And so somebody’s going to go home crying yeah. So before we even got to the tryouts, we had all these pre-rejection conversations. What do you think it would feel like to get a part? What if you didn’t get a part? What do you think that would feel like? Yeah, okay, we talked those through. How are you going to handle the news? Because they were going to get the news in a group. That’s a lot of pressure.
0:03:41 – Speaker 2
Well, because if you got the part, you don’t want to start bragging.
0:03:44 – Speaker 3
Yes.
0:03:45 – Speaker 2
And you got to prep your kid for the other feelings involved in the room. I mean that’s a lot.
0:03:50 – Speaker 3
Yes, and then how are you going to tell others which, like that’s a great opportunity to talk to your kids about being gracious and humble?
0:03:56 – Speaker 2
Humble. I was going to say humility. Yes.
0:03:58 – Speaker 3
He’s a big thing. It really is. And then we also talk about what the Bible says about rejection. You know, Isaiah 53-3 is a good one for that. Jesus was rejected.
0:04:07 – Speaker 2
Yeah.
0:04:08 – Speaker 3
You know, he in his own town, by his own people.
0:04:11 – Speaker 2
I was going to say by his closest to friends. Yeah, by his closest to friends.
0:04:14 – Speaker 3
He was rejected. Yes, and the conversations are great when you know your kids are walking into something specific which is more applicable to the little ones. Yeah, you’re going to know most of the time. When it comes to like sports and getting the part in the play or choir, you’ll see it coming so you can talk those things through and it helps them balance it a little bit better.
0:04:32 – Speaker 2
Yeah, so yeah, and I guess that’s great for the younger kids because you can really talk through those things and it just sets up a healthy dialogue. Yes, so that when they get older and they’re facing rejections, they’re going to think about that conversation, they’re going to get all these feelings down you to process with mom or dad and kind of work through those. You know, in middle school, as they get older, it’s you got to try out for everything, and so that’s a thing. I will tell you one tip that I give to parents all the time when your kid is trying out for something, maybe not put that on social media until they’ve, like, got it. Yeah.
Because, I’ve seen it happen over and over again. They’ll say you know, pray for so and so today, and maybe with your closest friends, you could absolutely. That’s a text.
0:05:17 – Speaker 3
Yeah.
0:05:18 – Speaker 2
But then what happens is they didn’t get a part.

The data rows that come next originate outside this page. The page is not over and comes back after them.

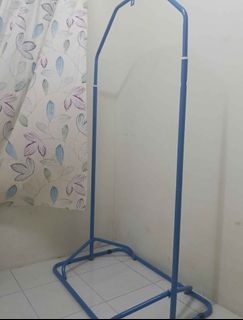 (Category: ) located in . Submitted by apek20 (Listing ID 1428066060, Image 1). Description: .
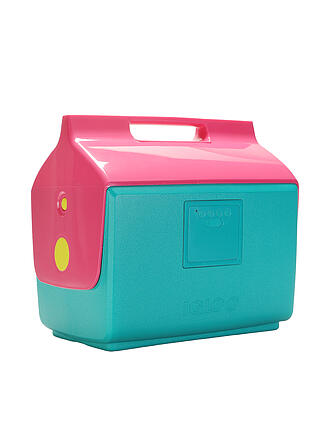 IGLOO | Kühlbox Playmate KoolTunes®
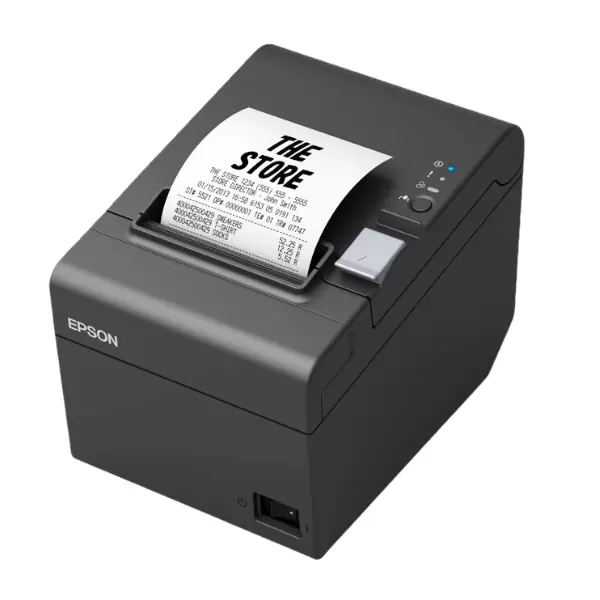 04-epson-t82iii
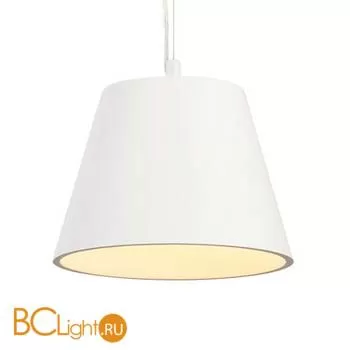 Подвесной светильник SLV Plastra 1000782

And then people are commenting well, how to go, how to go, and you kind of feel like you could just not Respond, which I think would be the best thing, but you kind of feel obligated to say she didn’t get it or he didn’t get it. And then it’s like another, like let’s just put it out there to the world now that I didn’t get that team. You know that, everybody knows now, and so it’s just kind of just respect your kids. I mean, like if you were trying out for something you know, say you wanted to be in a commercial when you put it on, when you put it on there, because if you didn’t get the part, then you’re gonna have to celebrate. You didn’t get the part, and maybe you’re okay with that, and maybe your kid is okay with that, and you’ve talked it through and you’re gonna tell your kid whether we, I mean, have that conversation, if that’s your choice. But I think that it’s just. It heightens it a little bit when we put it on social media.
0:06:03 – Speaker 3
Well, and just like we say with everything and you’ve made the point here is, it’s an ongoing conversation.
0:06:07 – Speaker 2
It’s an ongoing.
0:06:08 – Speaker 3
You need to talk to your kids about what they’re comfortable with. Yeah, I mean, we’ve all had that. Grandma, that is like. I’m so sorry you didn’t get that part in front of Walmart and 20 other people. You know and maybe that’s a sensitive thing.
0:06:21 – Speaker 2
If you have a shy kid, it could be a comfortable it could be a sensitive kid and those are all conversations and, again, your family, your choice, how you handle this. We just want to kind of give you tips and ideas on how to help your kid navigate it. You know, with the teenagers, with the middle school aspect, you got. You got a factor in social media, yes, and so you know snapchat has a it’s not really a new feature anymore, but it’s a relatively new feature the snap map, and so my daughter has hers in ghost mode. I don’t really like it on, but if you have an on, you can see where everybody is all the time. Yeah, so you know. If you see six of your friends at one address, you know they’re having a party and you’re not invited, and so it’s a constant. We need a constant. Let me be talking to our kids about how it makes them feel well, it’s not a one and done.
0:07:07 – Speaker 3
We’ve talked about that with social media, so they don’t make the team. That’s the first line of rejection. Yeah, but then it’s ongoing.
0:07:15 – Speaker 2
It’s ongoing. I mean they can scroll through social media and they know right away what they did or didn’t get invited to, even without snapchat or the snap map. Think about Instagram. You know, they just scroll through it and people are constantly posting pictures of parties. They know when they’re not invited.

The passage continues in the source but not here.